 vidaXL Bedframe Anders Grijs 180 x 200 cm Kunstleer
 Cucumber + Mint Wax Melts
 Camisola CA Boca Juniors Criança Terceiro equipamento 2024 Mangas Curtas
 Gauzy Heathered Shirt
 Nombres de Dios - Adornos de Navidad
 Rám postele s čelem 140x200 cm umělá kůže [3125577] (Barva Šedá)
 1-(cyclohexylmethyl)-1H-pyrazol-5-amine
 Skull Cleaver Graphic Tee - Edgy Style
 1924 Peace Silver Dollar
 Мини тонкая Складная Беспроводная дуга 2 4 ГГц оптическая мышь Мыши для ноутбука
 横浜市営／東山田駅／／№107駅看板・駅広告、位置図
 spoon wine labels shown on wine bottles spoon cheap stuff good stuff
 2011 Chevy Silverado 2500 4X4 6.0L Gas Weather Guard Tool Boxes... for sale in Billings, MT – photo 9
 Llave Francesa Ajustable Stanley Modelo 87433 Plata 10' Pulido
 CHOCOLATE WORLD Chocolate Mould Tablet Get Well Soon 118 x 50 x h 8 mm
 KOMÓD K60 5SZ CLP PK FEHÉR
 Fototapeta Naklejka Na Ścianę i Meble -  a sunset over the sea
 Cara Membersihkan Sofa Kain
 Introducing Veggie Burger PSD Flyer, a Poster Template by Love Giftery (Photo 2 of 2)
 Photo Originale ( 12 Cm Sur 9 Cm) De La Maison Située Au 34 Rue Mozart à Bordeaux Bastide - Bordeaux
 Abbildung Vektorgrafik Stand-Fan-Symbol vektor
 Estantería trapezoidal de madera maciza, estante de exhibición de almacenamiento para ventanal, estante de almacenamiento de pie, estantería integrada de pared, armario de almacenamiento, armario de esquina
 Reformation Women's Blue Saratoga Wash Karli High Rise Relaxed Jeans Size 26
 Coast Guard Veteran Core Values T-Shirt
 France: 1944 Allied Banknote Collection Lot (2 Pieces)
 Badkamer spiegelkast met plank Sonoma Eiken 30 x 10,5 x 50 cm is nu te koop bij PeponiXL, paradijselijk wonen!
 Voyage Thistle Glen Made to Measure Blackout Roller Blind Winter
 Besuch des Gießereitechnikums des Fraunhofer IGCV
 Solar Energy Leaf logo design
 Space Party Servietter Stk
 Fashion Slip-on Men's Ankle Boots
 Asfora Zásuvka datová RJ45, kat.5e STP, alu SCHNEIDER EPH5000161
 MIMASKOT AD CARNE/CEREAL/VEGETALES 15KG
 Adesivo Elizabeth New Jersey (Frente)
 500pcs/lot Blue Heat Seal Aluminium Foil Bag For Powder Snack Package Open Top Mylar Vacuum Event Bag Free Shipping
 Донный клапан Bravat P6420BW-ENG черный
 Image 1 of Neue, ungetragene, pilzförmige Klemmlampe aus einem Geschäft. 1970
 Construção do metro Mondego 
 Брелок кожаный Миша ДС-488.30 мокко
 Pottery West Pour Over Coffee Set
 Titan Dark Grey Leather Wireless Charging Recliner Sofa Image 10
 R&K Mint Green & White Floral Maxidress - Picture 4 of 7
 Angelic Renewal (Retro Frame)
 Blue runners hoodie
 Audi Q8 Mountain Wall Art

> **Work required**
Starting at the line that has "500pcs/lot Blue Heat" and ending at the line that has "Titan Dark Grey", please write out the lines above exactly, leaving out all others.

> **Task solution**
 500pcs/lot Blue Heat Seal Aluminium Foil Bag For Powder Snack Package Open Top Mylar Vacuum Event Bag Free Shipping
 Донный клапан Bravat P6420BW-ENG черный
 Image 1 of Neue, ungetragene, pilzförmige Klemmlampe aus einem Geschäft. 1970
 Construção do metro Mondego 
 Брелок кожаный Миша ДС-488.30 мокко
 Pottery West Pour Over Coffee Set
 Titan Dark Grey Leather Wireless Charging Recliner Sofa Image 10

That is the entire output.